──────── Input data ────────

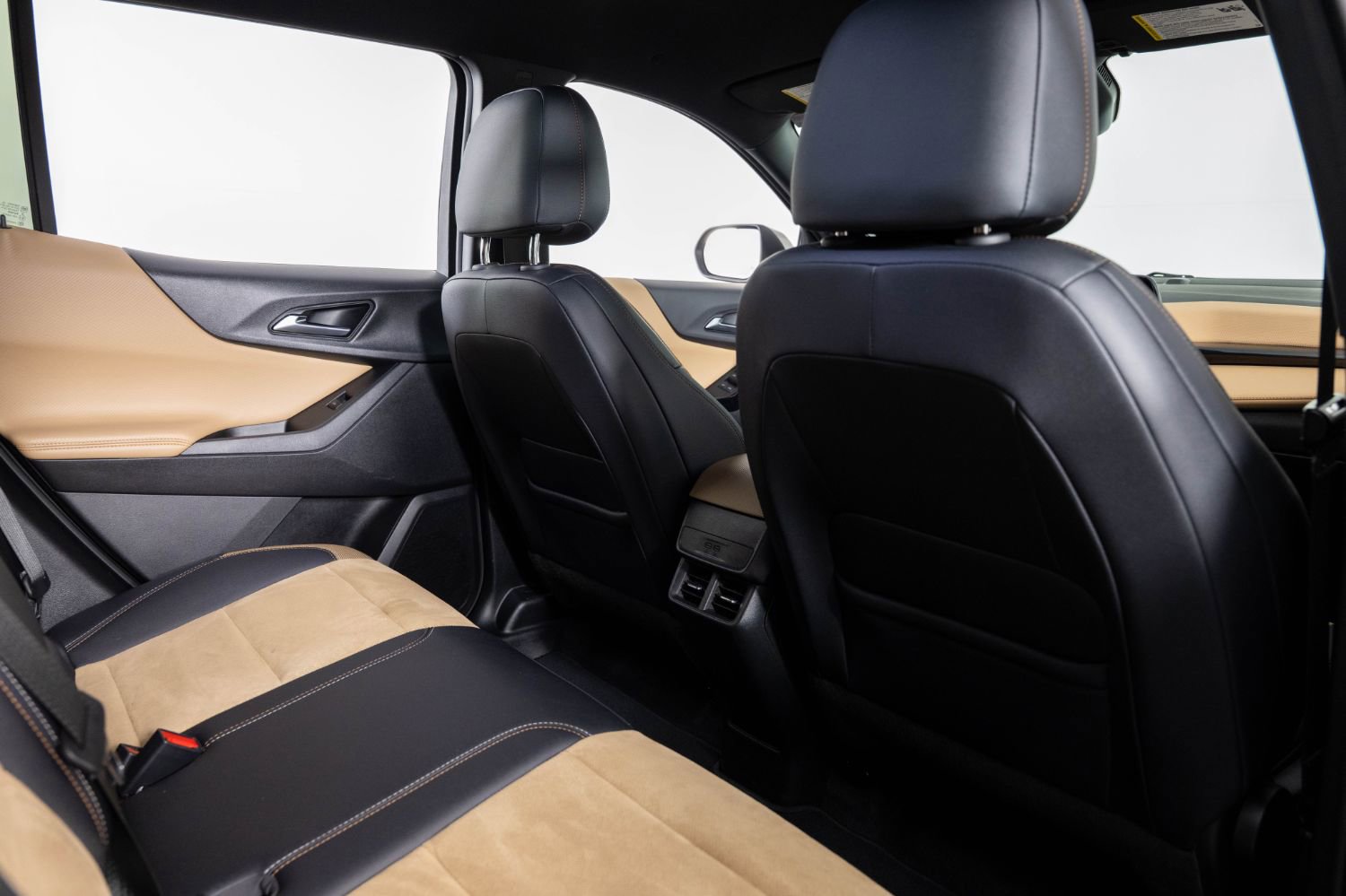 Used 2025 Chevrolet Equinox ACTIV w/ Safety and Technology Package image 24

────────
──────── Input data ────────

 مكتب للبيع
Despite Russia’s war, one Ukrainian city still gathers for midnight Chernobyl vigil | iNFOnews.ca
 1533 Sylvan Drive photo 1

────────

** Problem **
Go through the listing above and write out exactly the lines starting with the one holding "Despite Russia’s war, one" and running through the one holding "1533 Sylvan Drive photo 1", ends included, and no others.

** Task answer **
Despite Russia’s war, one Ukrainian city still gathers for midnight Chernobyl vigil | iNFOnews.ca
 1533 Sylvan Drive photo 1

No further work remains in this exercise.